▶ **Data**
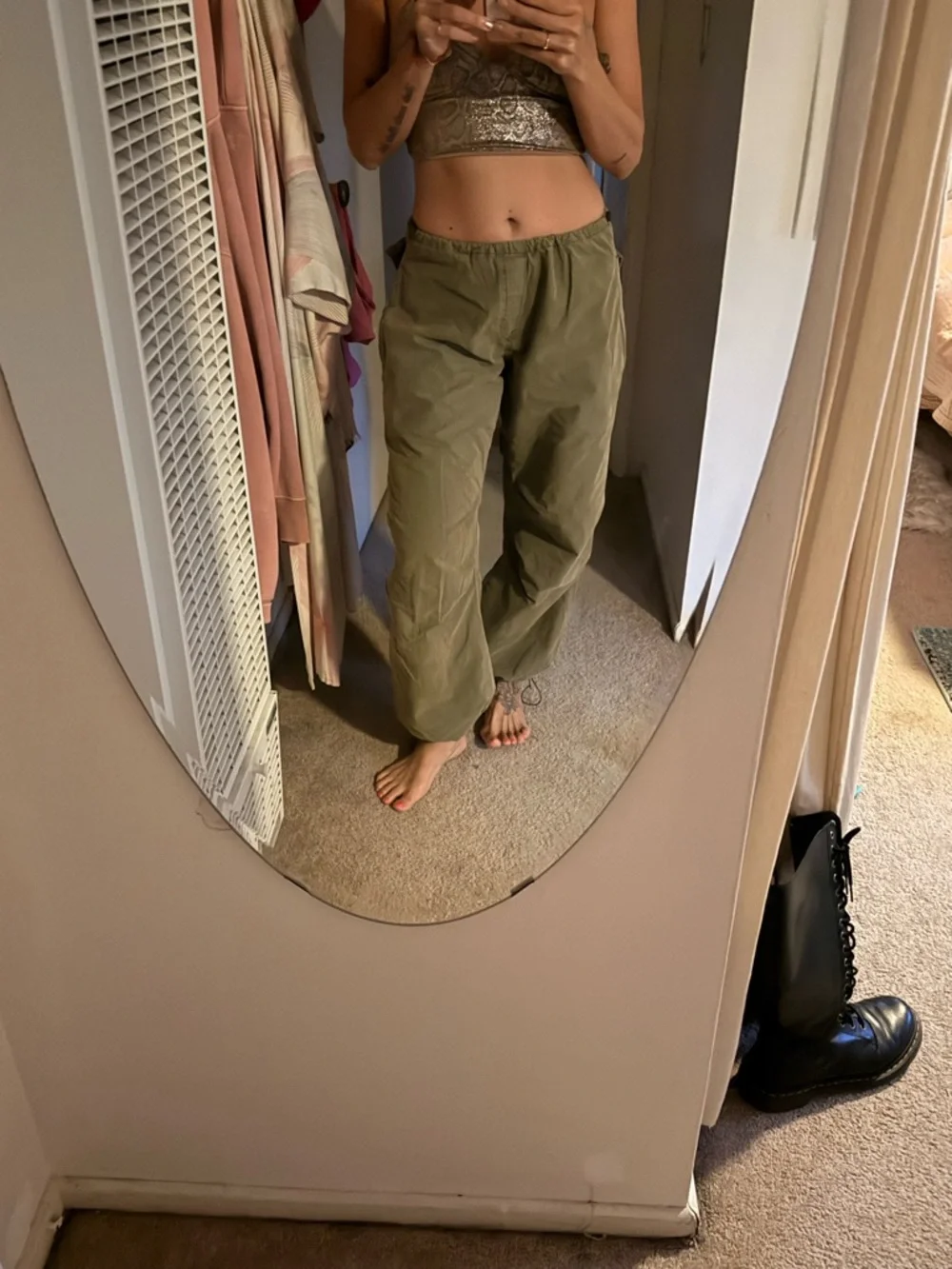 Vintage Olive Green Wide-Leg cargo Pants - Picture 1 of 3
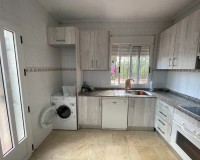 Resale - Finca / Country Property - Albatera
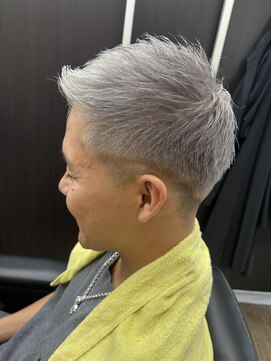 カットクラブ髪屋 ジャンキーズ(Junkey’s) ホワイトカラー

▶ **Your goal**
Transcribe the material above word for word; images do not belong in the copy.

▶ **Answer below**
 Vintage Olive Green Wide-Leg cargo Pants - Picture 1 of 3
 Resale - Finca / Country Property - Albatera
 カットクラブ髪屋 ジャンキーズ(Junkey’s) ホワイトカラー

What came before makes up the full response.